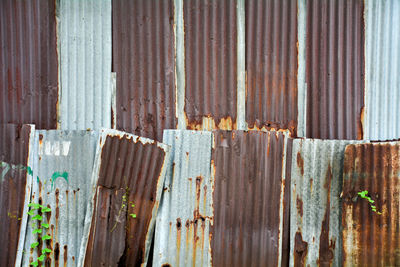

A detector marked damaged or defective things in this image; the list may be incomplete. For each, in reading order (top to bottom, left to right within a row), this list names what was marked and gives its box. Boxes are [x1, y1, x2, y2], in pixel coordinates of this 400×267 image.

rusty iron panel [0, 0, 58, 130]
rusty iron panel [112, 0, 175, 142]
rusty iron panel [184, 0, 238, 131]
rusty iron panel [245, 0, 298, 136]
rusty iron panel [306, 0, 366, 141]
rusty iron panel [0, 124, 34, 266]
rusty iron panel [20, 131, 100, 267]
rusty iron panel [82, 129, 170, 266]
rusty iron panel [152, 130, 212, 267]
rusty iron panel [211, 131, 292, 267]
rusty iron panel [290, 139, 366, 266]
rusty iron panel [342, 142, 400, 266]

**Activity**
Go through the records above and write out every line exactly, passing over the pictures.

**Your response**
A detector marked damaged or defective things in this image; the list may be incomplete. For each, in reading order (top to bottom, left to right within a row), this list names what was marked and gives its box. Boxes are [x1, y1, x2, y2], in pixel coordinates of this 400×267 image.

rusty iron panel [0, 0, 58, 130]
rusty iron panel [112, 0, 175, 142]
rusty iron panel [184, 0, 238, 131]
rusty iron panel [245, 0, 298, 136]
rusty iron panel [306, 0, 366, 141]
rusty iron panel [0, 124, 34, 266]
rusty iron panel [20, 131, 100, 267]
rusty iron panel [82, 129, 170, 266]
rusty iron panel [152, 130, 212, 267]
rusty iron panel [211, 131, 292, 267]
rusty iron panel [290, 139, 366, 266]
rusty iron panel [342, 142, 400, 266]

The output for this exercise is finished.